Adversidade entre dois mundos

*       O mundo dos retirantes x A sociedade organizada

“Fazia-se carrancudo e evitava conversas. Só lhe falavam com o fim de tirar-lhe qualquer coisa. Os negociantes furtavam na medida, no preço e na conta. O patrão realizava com pena e tinta cálculos incompreensíveis” (VS)
“Se pudesse mudar-se, gritaria bem alto que o roubavam. Aparentemente resignado, sentia um ódio imenso a qualquer coisa que era ao mesmo tempo a campina seca, o patrão, os soldados e os agentes da prefeitura.

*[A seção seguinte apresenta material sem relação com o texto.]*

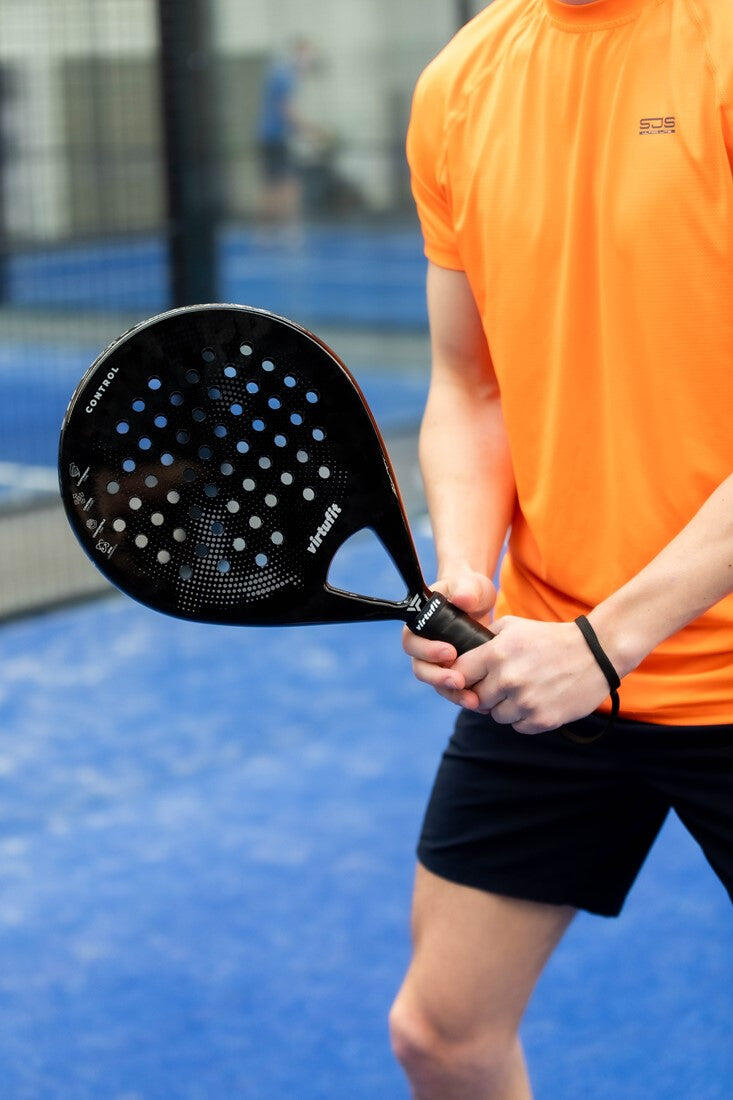 Racchetta padel – Control - Nero/Grigio 4/8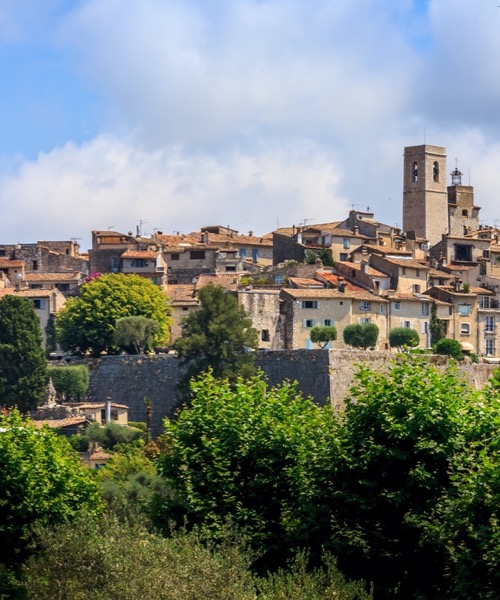 Romantik Fransa Cote D'Azur & Provence 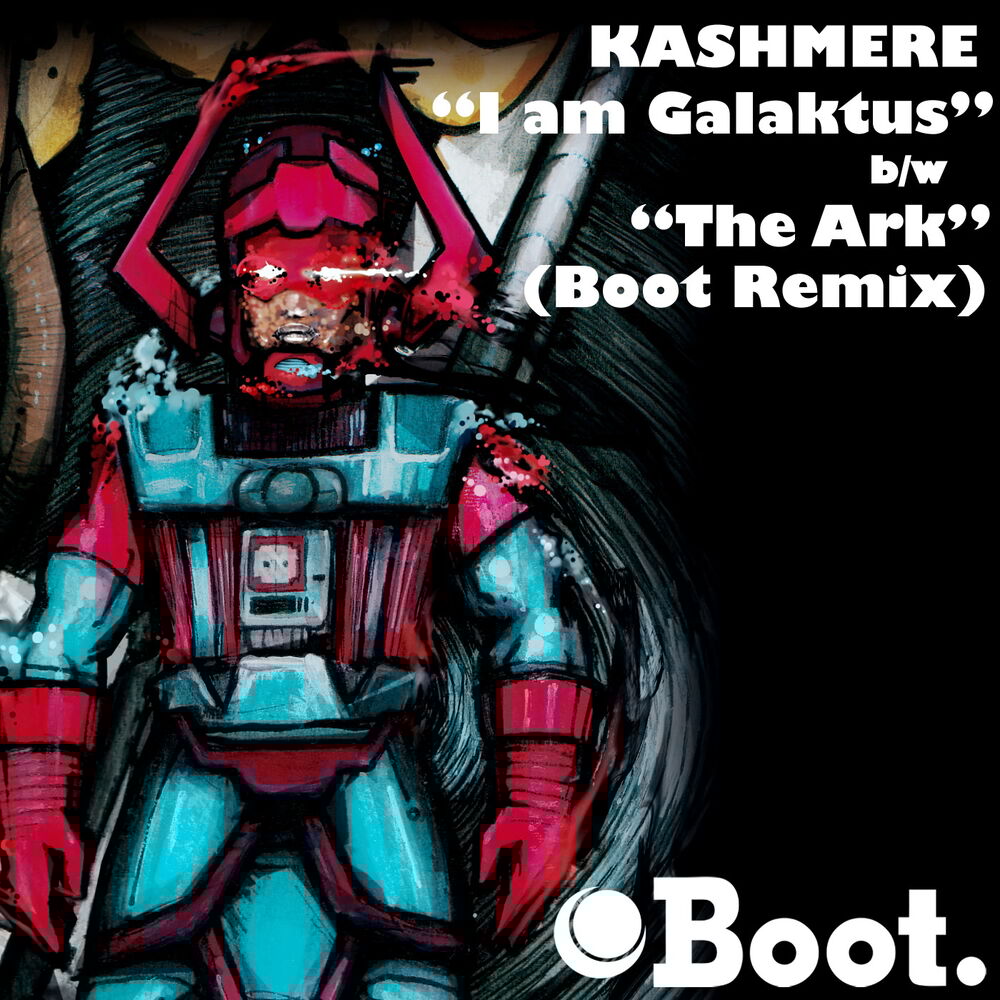 Picture of I Am Galaktus / The Ark (Boot Remix)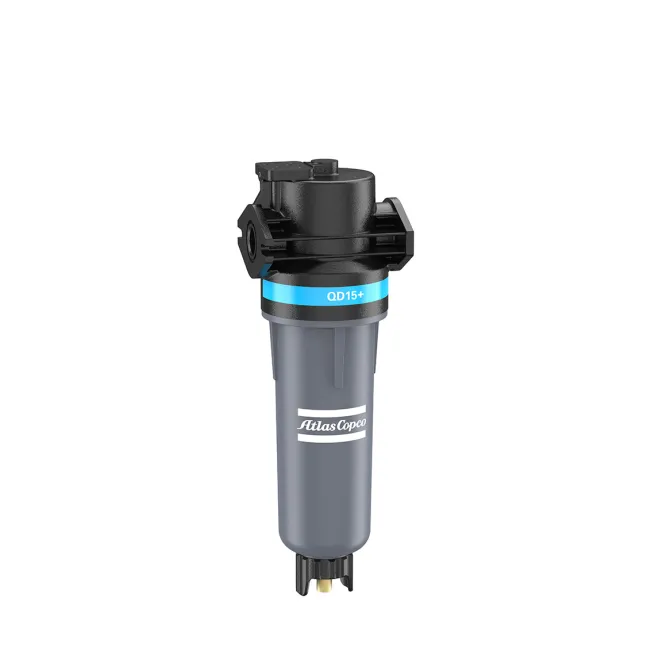 Atlas Copco Aktivkohlefilter QD 15+ inPASS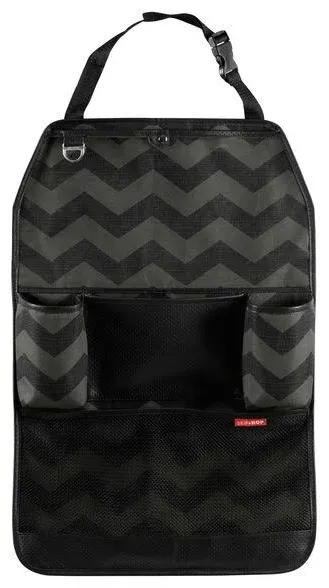 Skip Hop Backseat Organizer, Tonal Chevron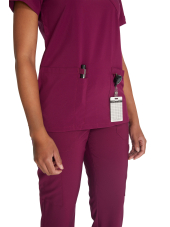 Bata médica de mujer, Dickies, "EDS Essentials" (DK625)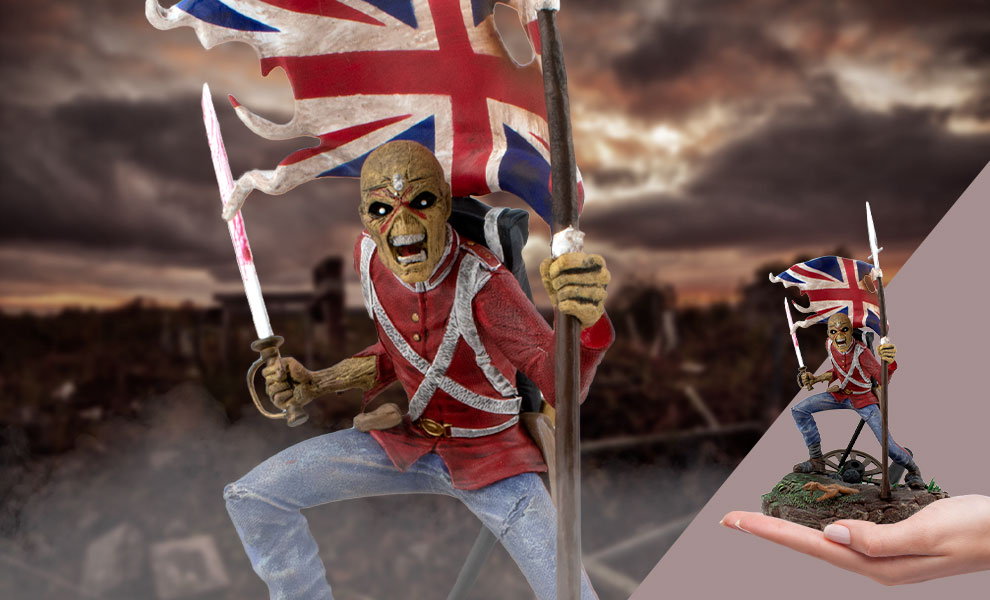 Legacy of the Beast: The Trooper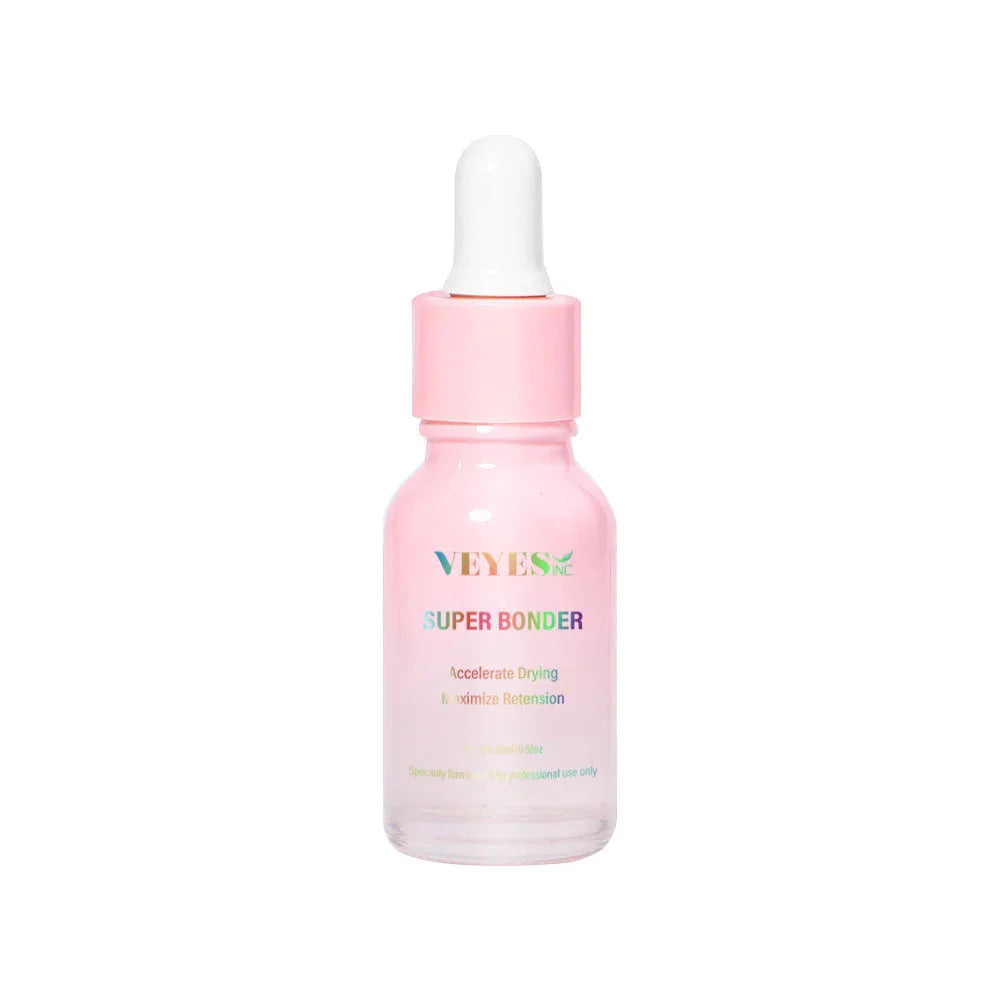 Veyes Inc 15ml Lashes Super Bonder For Eyelash Extensions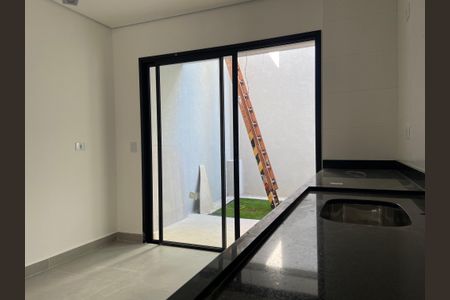 Sala - Cozinha de casa à venda com 3 quartos, 141m² em Bela Vista, Osasco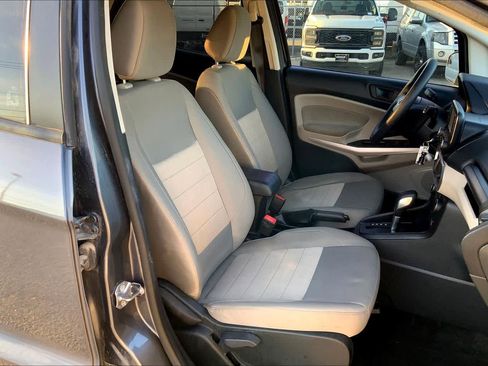 Used 2022 Ford EcoSport S image 16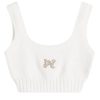 Palm Angels PA Monogram Top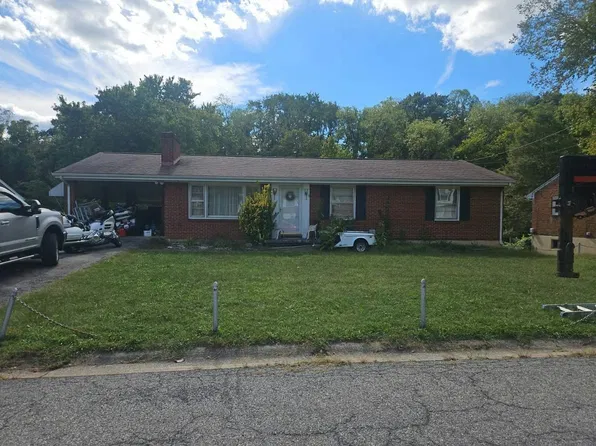 4744 Biltmore Dr NW, Roanoke, VA 24017
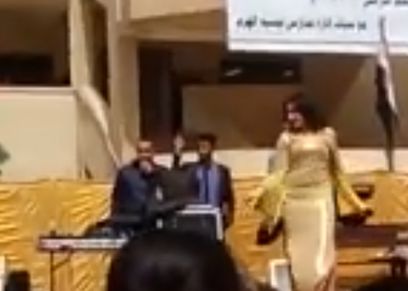 حفل مدرسة ليسيه الهرم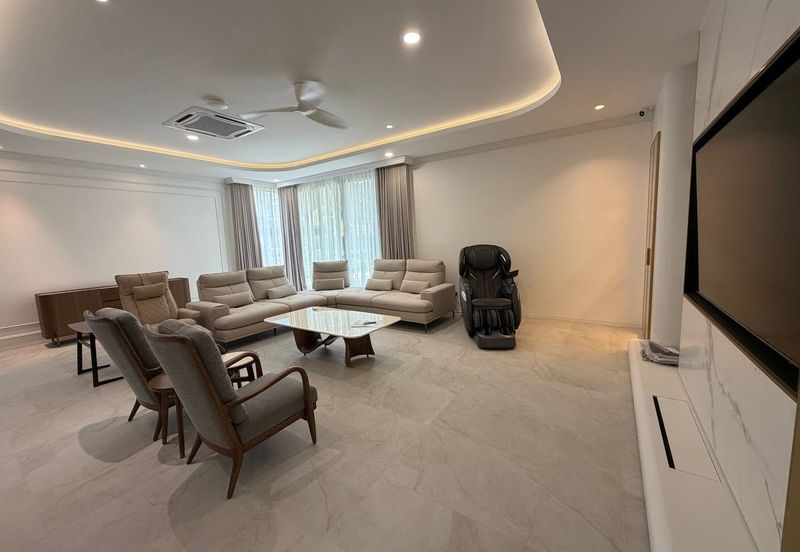 The Straits View Residences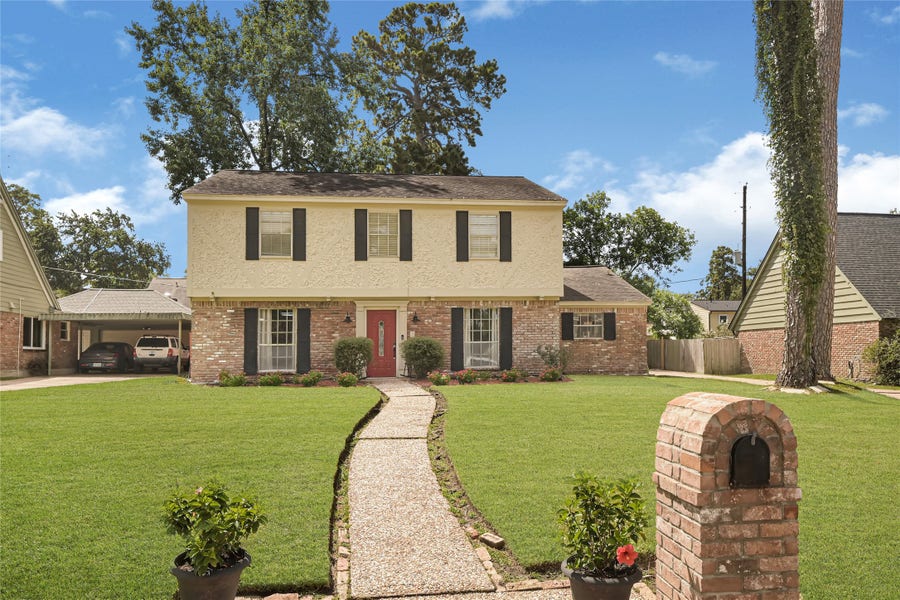Property photo for 1619 Wagon Gap Trail, Houston, TX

Tudo na verdade era contra ele” (VS)

Romance circular?

“Este encontro do fim com o começo [...] forma um anel de ferro, em cujo círculo sem saída se fecha a vida esmagada da pobre família de retirantes-agregados-retirantes, mostrando que a poderosa visão social de Graciliano Ramos neste livro não depende [...] do fato de ele ter feito romance regionaliza ou romance proletário. Mas do fato de ter sabido criar em todos os níveis, desde o pormenor do discurso até o desenho geral da composição, os modos literários de mostrar a visão dramática de um mundo opressivo”. 
                                                            (Antônio Cândido)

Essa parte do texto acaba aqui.